My husband rides subs, so when he’s gone there’s no Skype, no IM, no phone calls. We have email (sometimes). Being the good wife that I am, I sit down and write him an email every day. A LONG email full of details about everything – what I did that day, what the dogs did, news about our friends, updates on tv shows, news reports, etc. If it happened, he knows about it. Before you stop and think, “Wow, your poor husband!” let me assure you that he appreciates the details of the mundane when he’s gone. Or at least he says he does.
My husband also writes me an email just about every day when he's gone. But his emails are… less detailed. Much less detailed.
I understand that he can’t talk about a lot of what goes on and that he doesn’t do much but sleep and work, but I still feel a bit put out when I write him a long email and in response I receive a paragraph saying there's nothing new, he misses me, and how are the dogs. (Disclaimer: I’m not complaining at all! I much prefer that to receiving nothing.) I suppose my real problem is that I’m expecting an update on his life and I never get it.
The thing is, he’s like this in real life too. I’m a details person and he’s not. Ask me what happened over my day, and I will give you a thorough recounting, down to the flavor of Crystal Light I drank. Ask him and he’ll probably just say nothing. He’s used to telling me something and having me ask for more details that he usually doesn’t remember and I’m used to talking his ear off and having him tell me that I “say a lot of things.” It works for us.

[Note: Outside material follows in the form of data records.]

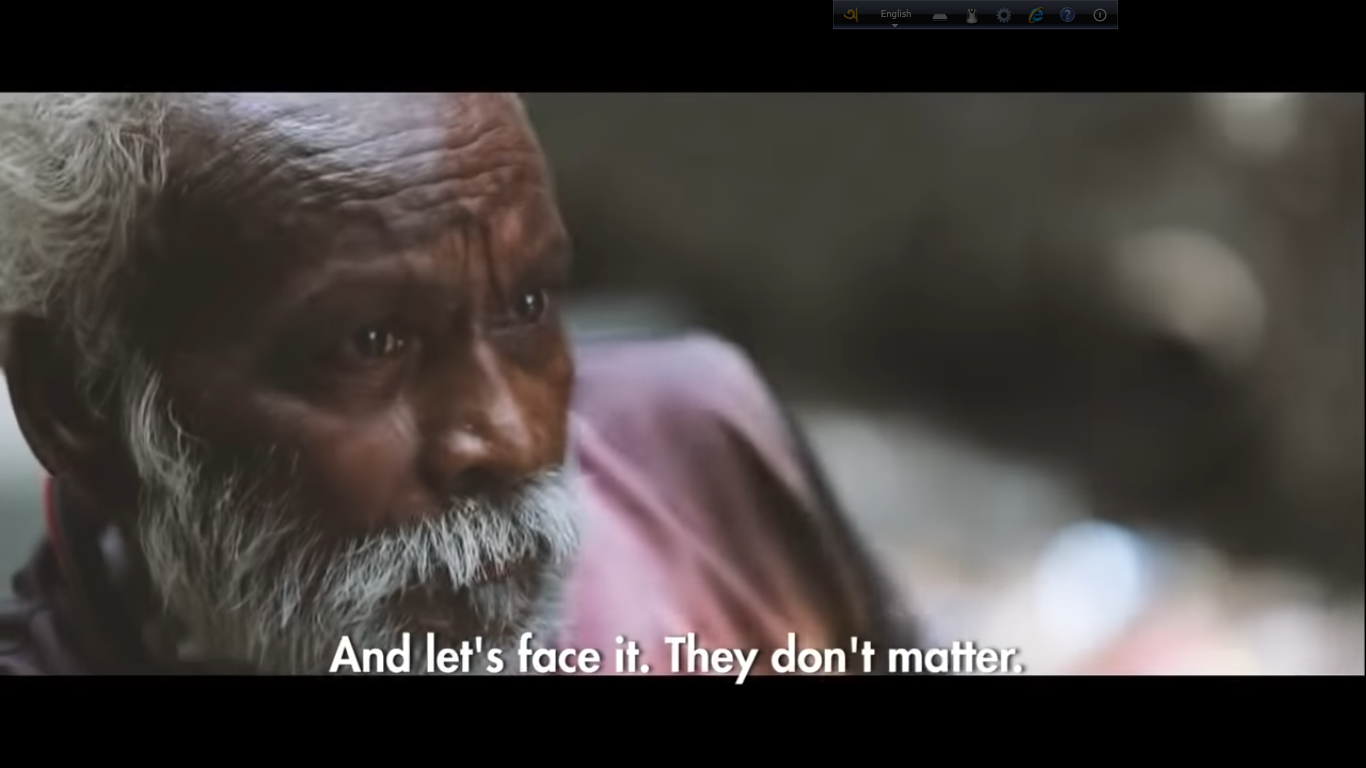 manualscavengingtitleimage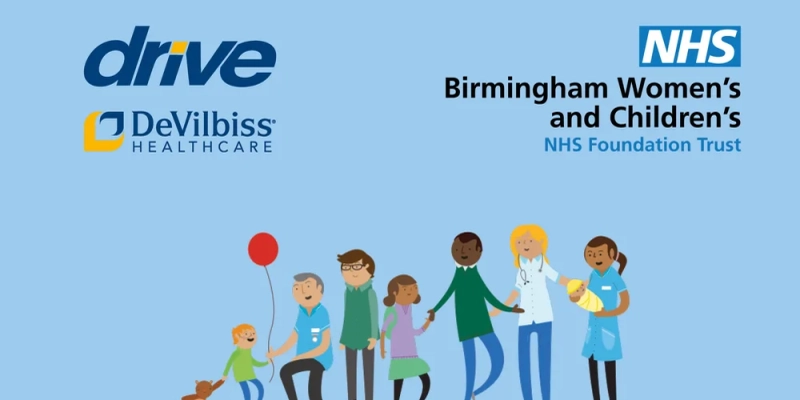 Birmingham News Image
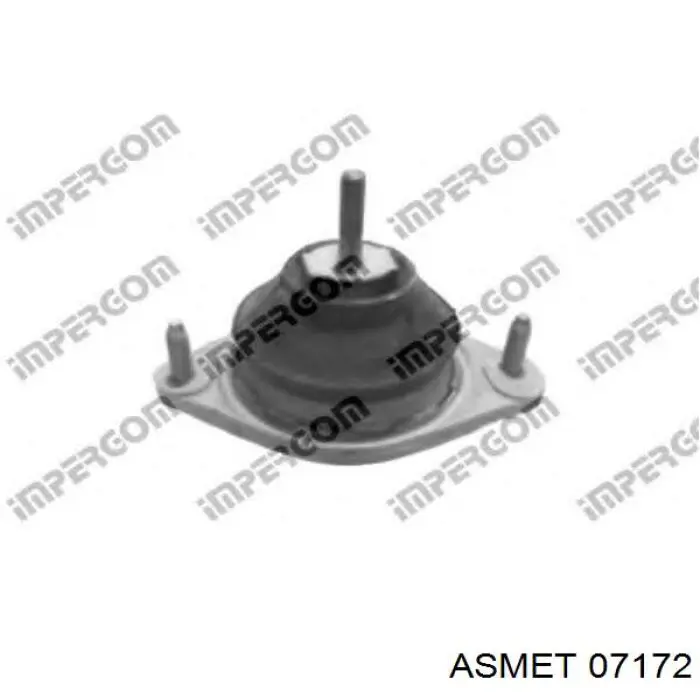  287403 Bosal
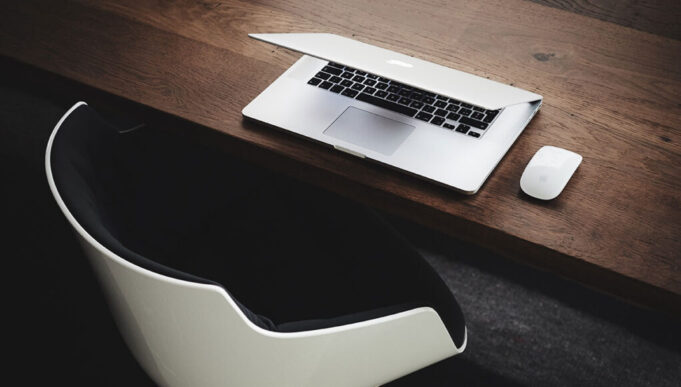 Parcours d’immersion AfricArena: opportunité unique pour les startups tech togolaises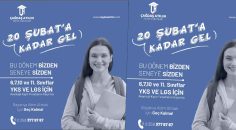 ÇAĞDAŞ ATILIM KURSU’NDAN GÖRÜLMEMİŞ KAYIT ÖRNEĞİ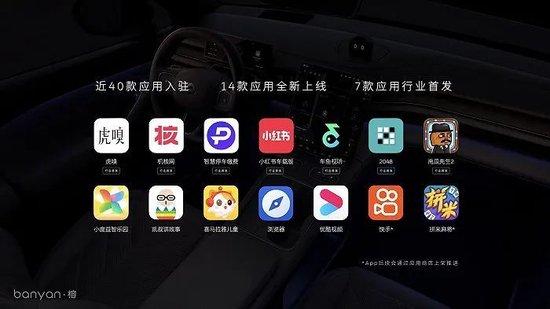  图片来源：蔚来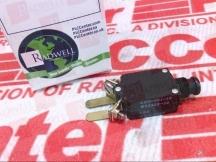 MECHANICAL PRODUCTS 4310-019-1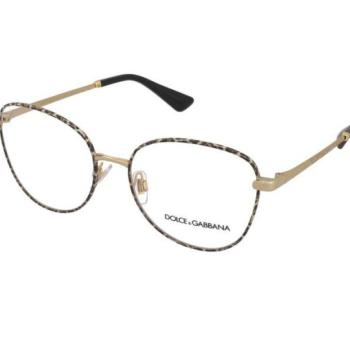 Dolce & Gabbana DG1355 1364 kép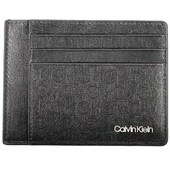 Tegnebøger Calvin Klein Jeans K50k509130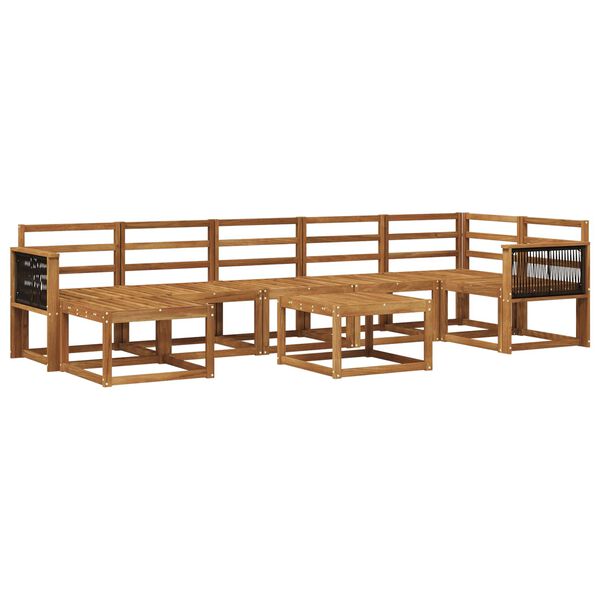 Produktbild 1 von 10 anzeigen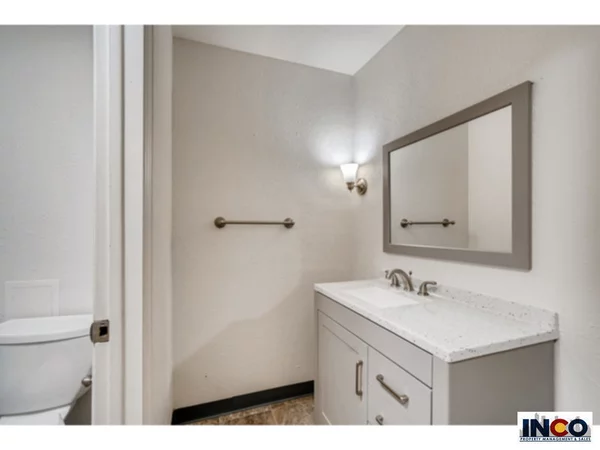 Studio Apartment for rent in Fort Logan - South Denver, Denver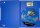 BDFL Manager 2002 | Playstation 2 / PS2 + Handbuch - Akzeptabler Zustand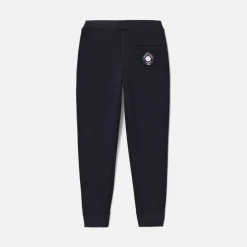 Jacadi Jogging enfant garçon - marine MARINE JACADI Sale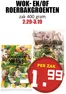 Catalogus van MCD Supermarkt in Eindhoven | MCD Supermarkt folder | 2026-02-02T00:00:00.000Z - 2026-03-19T00:00:00.000Z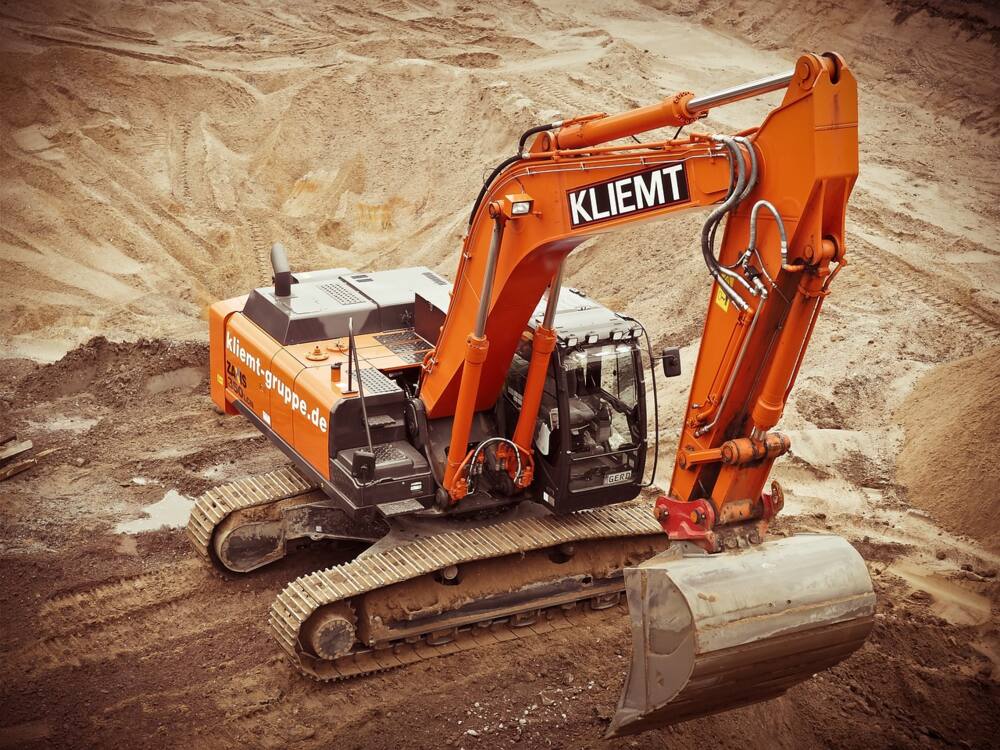 How many construction companies are in South Africa? How many construction companies are in South Africa?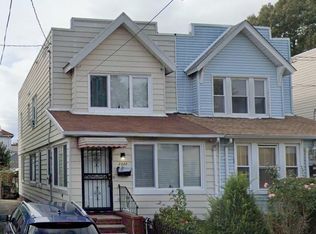 2330 E 15th St, Brooklyn, NY 11229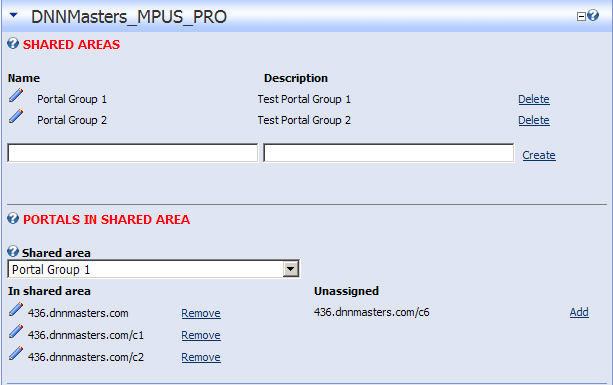 MPUS.Pro_Main_UI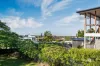 12 Faraday Street, Camp Hill, Qld 4152-Image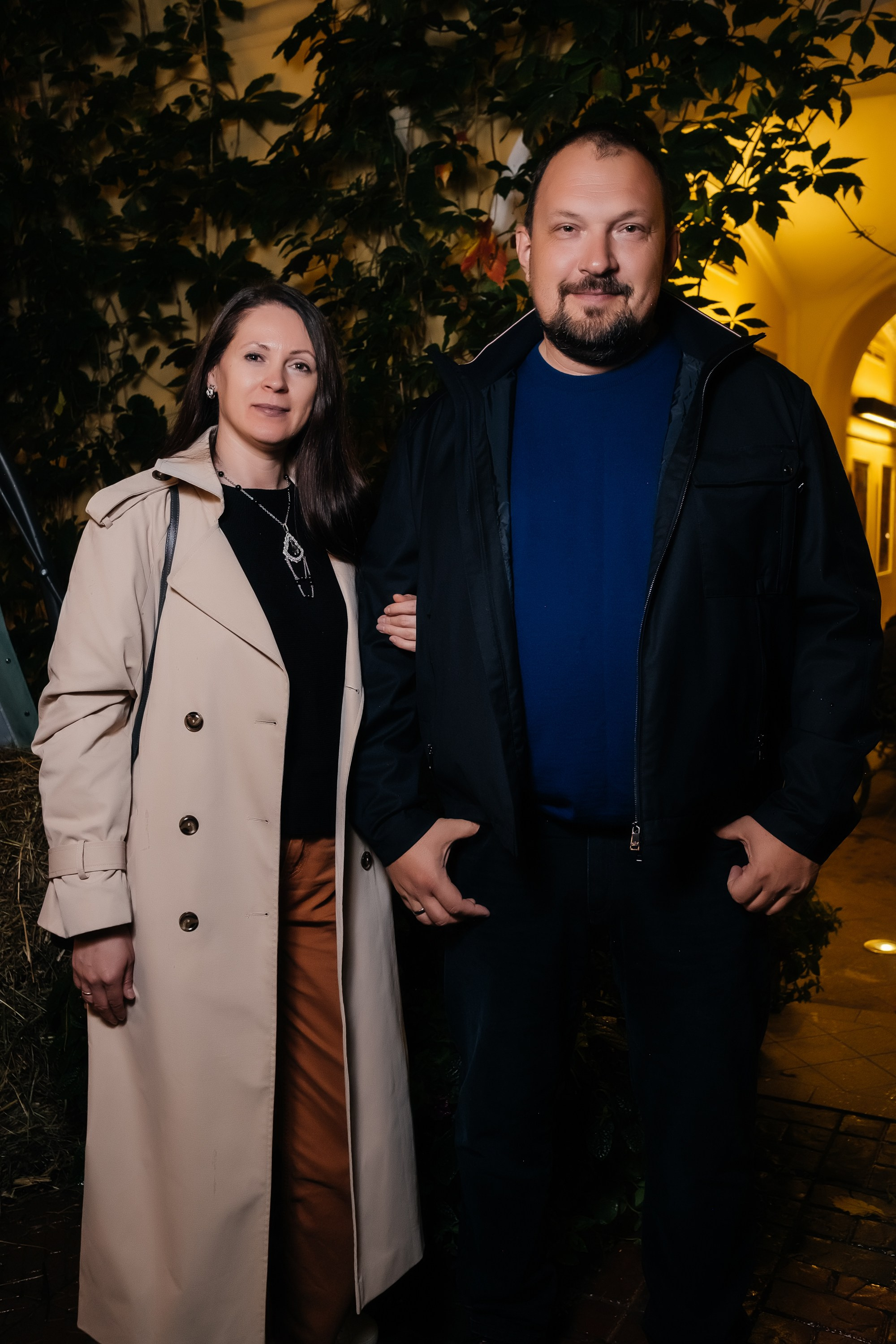 Репортажный фотограф в СПБ. Репортажный фотограф в Санкт-Петербурге СПБ Алиса Ческидова на ваше мероприятие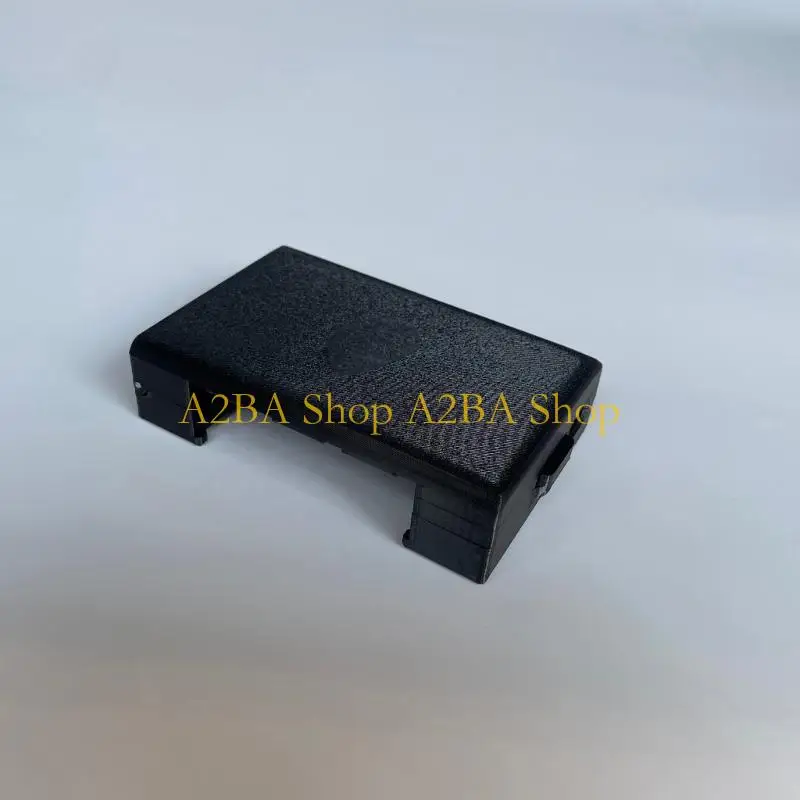 A2BA Handheld Retro Game Console Protector Cover Protective Shell for Miyoo Mini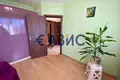 Wohnung 4 Schlafzimmer 92 m² Sonnenstrand, Bulgarien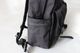 BAICYCLON by Bagjack(�Х���������Х��Хå�����å�) "DAY PACK"
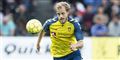 Foto: Anders Kjærbye/Scanpix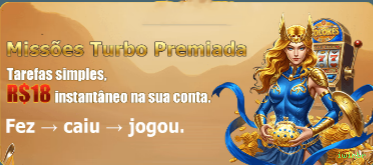 Slots iwinbr - Sweet Bonanza e caça-níqueis populares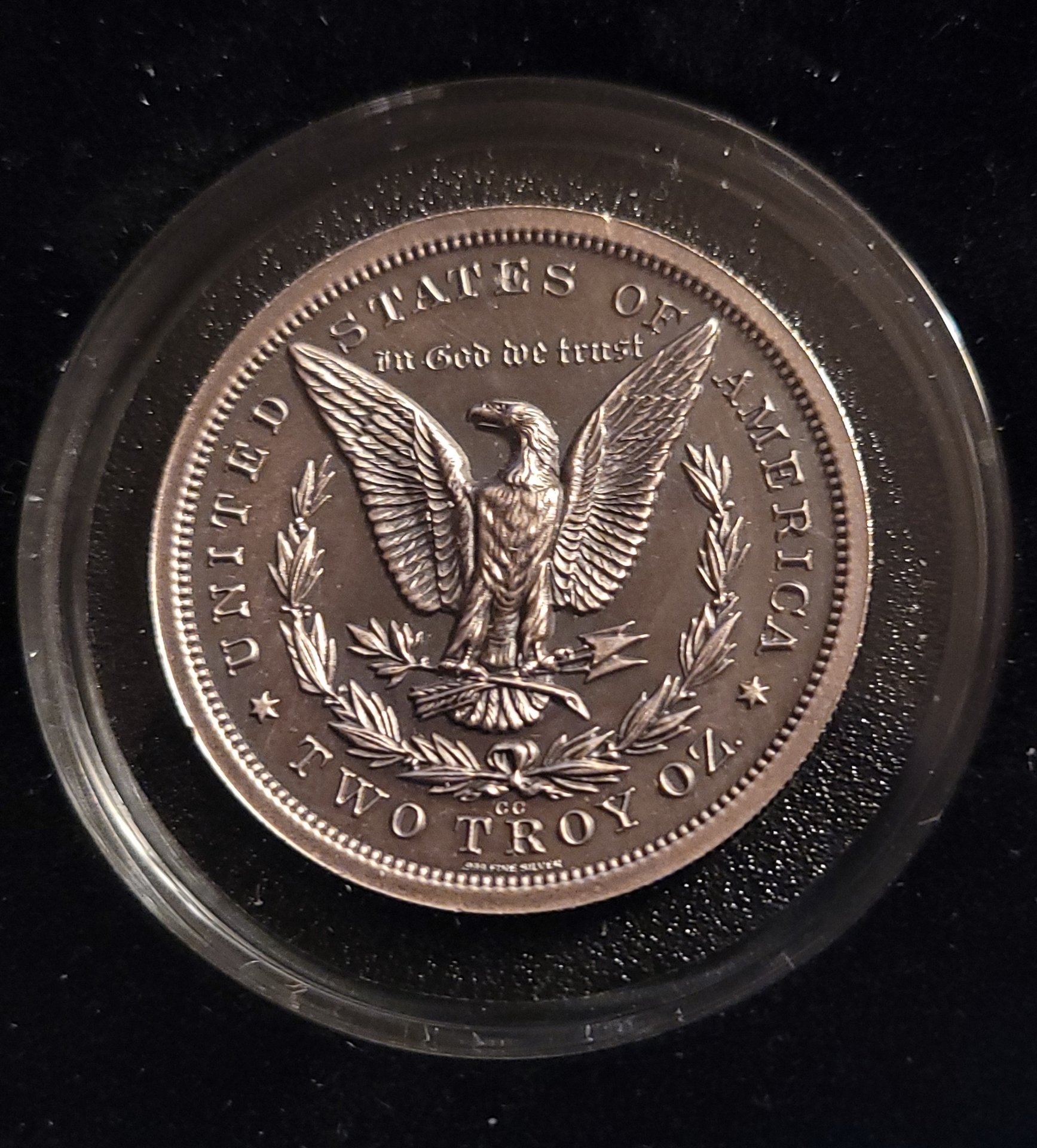 1878 CC Tribute 3.jpg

I guess the difference is that when he's at home, I’m still around him for part of the day and know what he’s up to, so when he tells me that nothing interesting happened at work, it doesn’t matter. But when he says nothing interesting happened while he’s gone, his whole day is a mystery to me and it drives me a little bit nuts.
He tries because he knows I’m a details person, but it’s just not his nature to remember if anything funny or weird happened that day. After four deployments, we've finally come up with a solution that works for both of us: in each email, he now tells me what he ate for dinner.
It may not seem like much, but it’s something that he always remembers and somehow knowing that yesterday was pizza and wings night makes me feel a little more connected to him.
Do you have communication imbalances when your spouse deploys? How do you deal with it?